Google is being sued by US-based edtech firm Chegg, accusing it of using its new AI search feature, AI Overviews for harming traffic and thus, undermining content publishers. Chegg claims that Google’s AI-generated summaries are keeping users from visiting the original sources, which is detrimental to Chegg’s business model that heavily depends on students’ interaction in the form of textbook rentals, homework help, and tutoring services.
Chegg has filed a lawsuit in Washington claiming that Google is using publishers’ content to keep users on its platform and, in effect, blocking the financial incentive for creating original content. It warns that such practices could result in the emergence of the ‘hollowed-out information ecosystem of little use and unworthy of trust.’ Chegg has recently noticed a decline in site visitors and subscribers and has even considered a sale or a take-private transaction, according to its CEO, Nathan Schultz.
However, Google has called Chegg’s arguments shallow and irrelevant. Jose Castaneda, a spokesperson, said, “With AI Overviews, people find Search more helpful and use it more, creating new opportunities for content to be discovered. Every day, Google sends billions of clicks to sites across the web, and AI Overviews send traffic to a greater diversity of sites.” Despite Google’s defence, Chegg has stated that the lawsuit is not only relevant to the two companies but highlights issues that are important for the entire digital publishing industry.

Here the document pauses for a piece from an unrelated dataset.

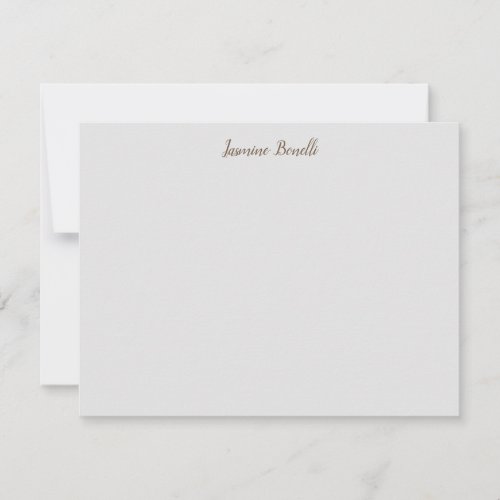 Professional Modern Minimalist Your Name Note Card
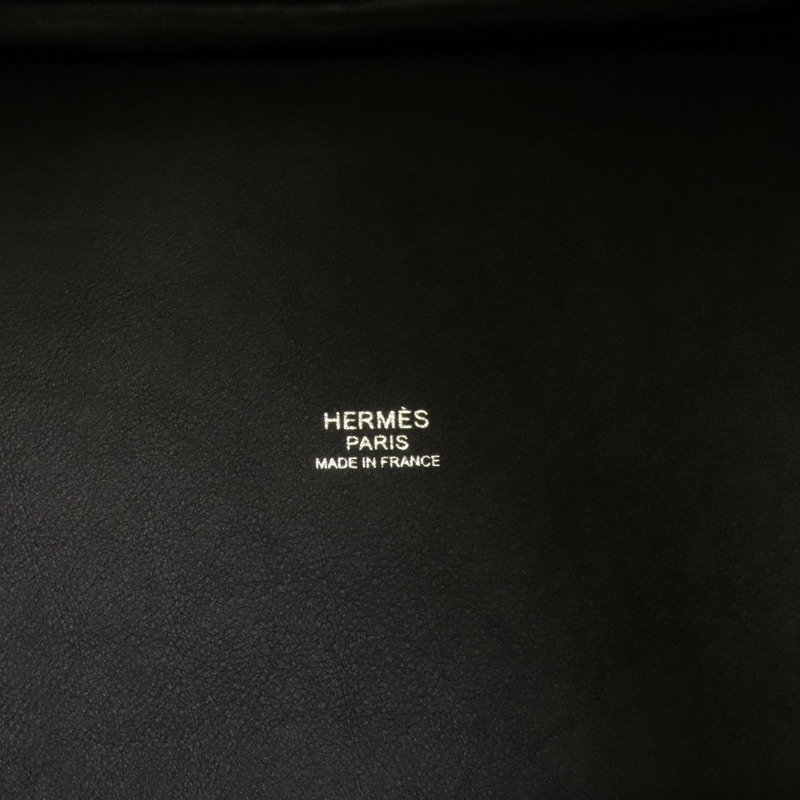 HERMES 帆布Picotin Cago PM銀扣手挽袋Noir-7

In response, Schultz said that Google’s AI tools are ruining the quality of step-by-step learning for students by popping up unverified summaries instead. He also accused Google of forcing publishers to accept the use of their content for AI or, in effect, coercing them into violating laws against tying the sale of unrelated products. This lawsuit is the second of its kind against Google, the first having been filed by an Arkansas newspaper and now before US District Judge Amit Mehta.